In 1993, there was an arson attack on the main commercial centre of downtown Srinagar.[a] The fire was alleged to have been started by a crowd incited by separatist militants.[8] The civilians and police officials interviewed by Human Rights Watch and other international organizations alleged that the Indian Border Security Force (BSF) set fire to the locality, apparently in retaliation to the burning of an abandoned BSF building by local residents.[9] Over 125 Kashmiri civilians were killed in the incident.[10]
In 2011, the Bharatiya Janata Yuva Morcha (BJYM), youth wing of the Bharatiya Janata Party (BJP), announced its plan to start a march called Ektha Yatra from Kolkata, West Bengal to Srinagar.[11] The purpose of the march was to unite Indians on the Kashmir issue and challenge pro-Pakistan separatists by hoisting the flag of India atop the tower in Lal Chowk on 26 January 2011—India's Republic Day. This move was reportedly intended to serve as a response to Kashmiri insurgents. The march was opposed by the Indian National Congress and the Jammu and Kashmir National Conference, who were fearful that it might fuel further unrest in Muslim-majority Kashmir.[12]

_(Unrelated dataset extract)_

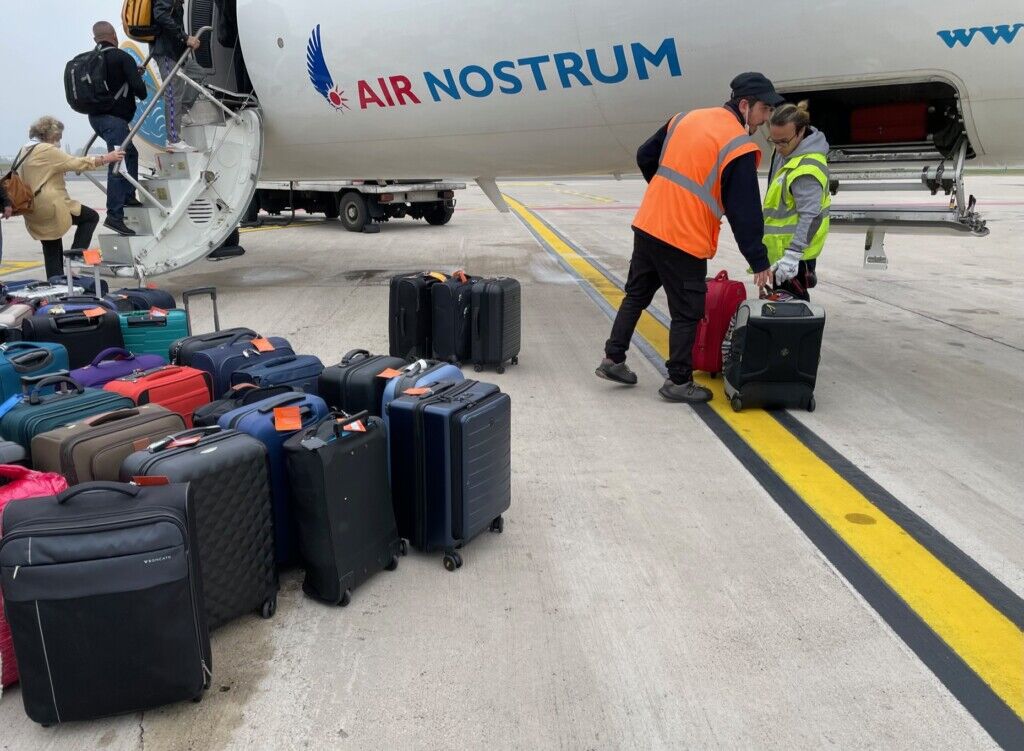 Confira como é voar na classe executiva do CRJ-1000 da Air Nostrum entre Bolonha e Madri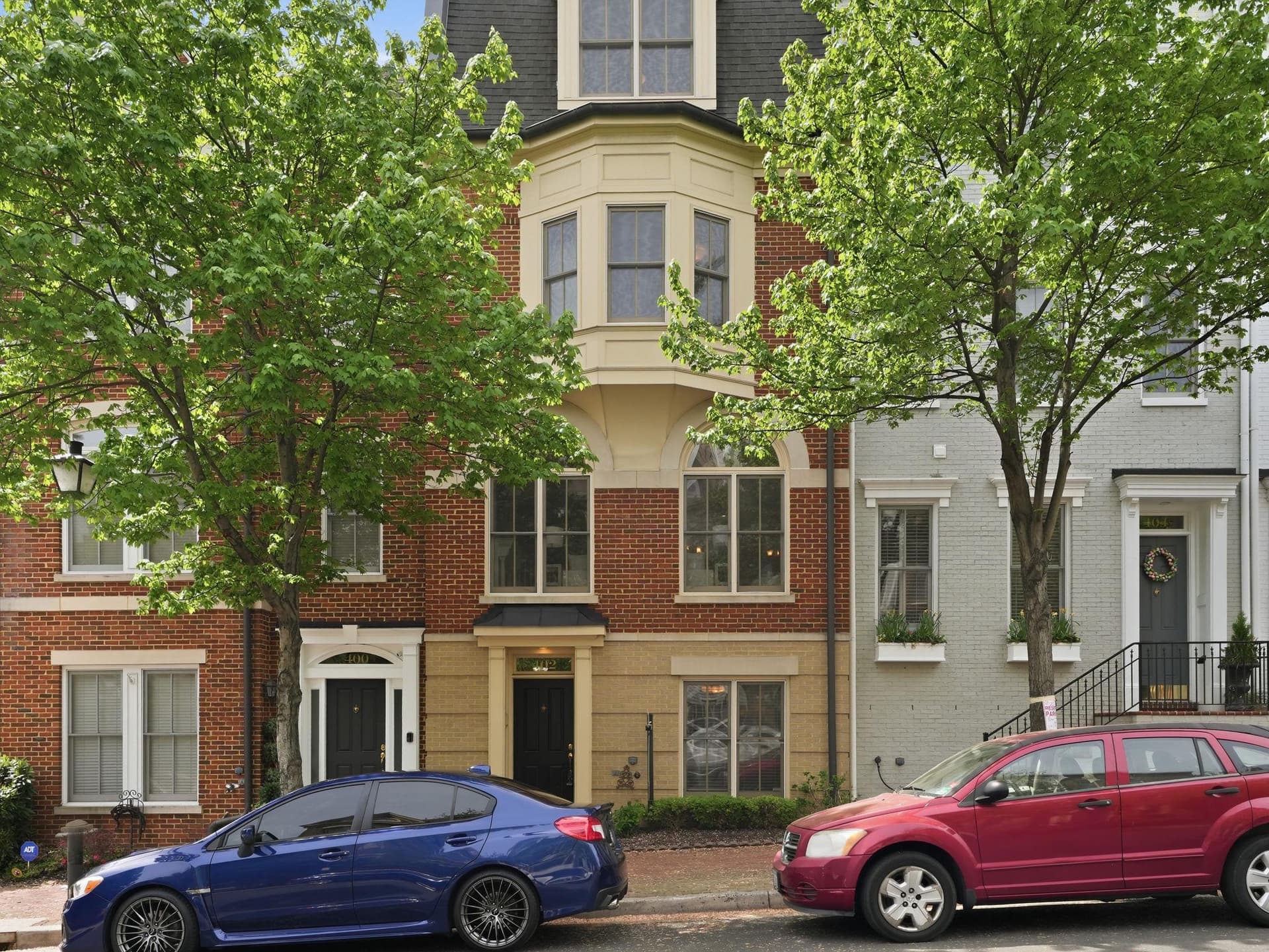 402 Oronoco Street photo 2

Following the announcement by the BJYM, the central government took various countermeasures to stop the planned march.[13] Trains carrying BJYM members to Srinagar were stopped and sent back to their locations of departure. While the majority of BJYM members failed to reach the Kashmir Valley, top BJP leaders, namely Sushma Swaraj and Arun Jaitley, continued to lead the march until they were stopped while attempting to enter Jammu & Kashmir from Punjab via a bridge crossing the Ravi River on 25 January 2011.[14] All BJP members in the rally were subsequently arrested and kept in custody in the city of Jammu until the end of formalities on Republic Day.[15]
Indian security forces were instructed to heavily cordon Lal Chowk on Republic Day. However, some BJP activists reached Srinagar and hoisted the Indian flag near the city square, although they failed to reach their intended destination on top of the clock tower.[16]
Sushma Swaraj, upon her arrest by security forces, said: "Why are we being arrested? We were marching peacefully. Those who burn the national flag are being provided security while those holding the national flag are being stopped."[17] Arun Jaitley said: "For the first time after independence, hoisting national tricolour has become illegal in our country."[12]
29 January 2023
On this day, Rahul Gandhi unfurled national tricolour in Lal Chowk as the party's mass outreach program "Bharat Jodo Yatra" was one day left to end in Srinagar.
The Bharat Jodo Yatra Completed of "30 January 2023" after unfurled National Tricolour by Rahul Gandhi in Sher-E-Kashmir Stadium,Srinagar.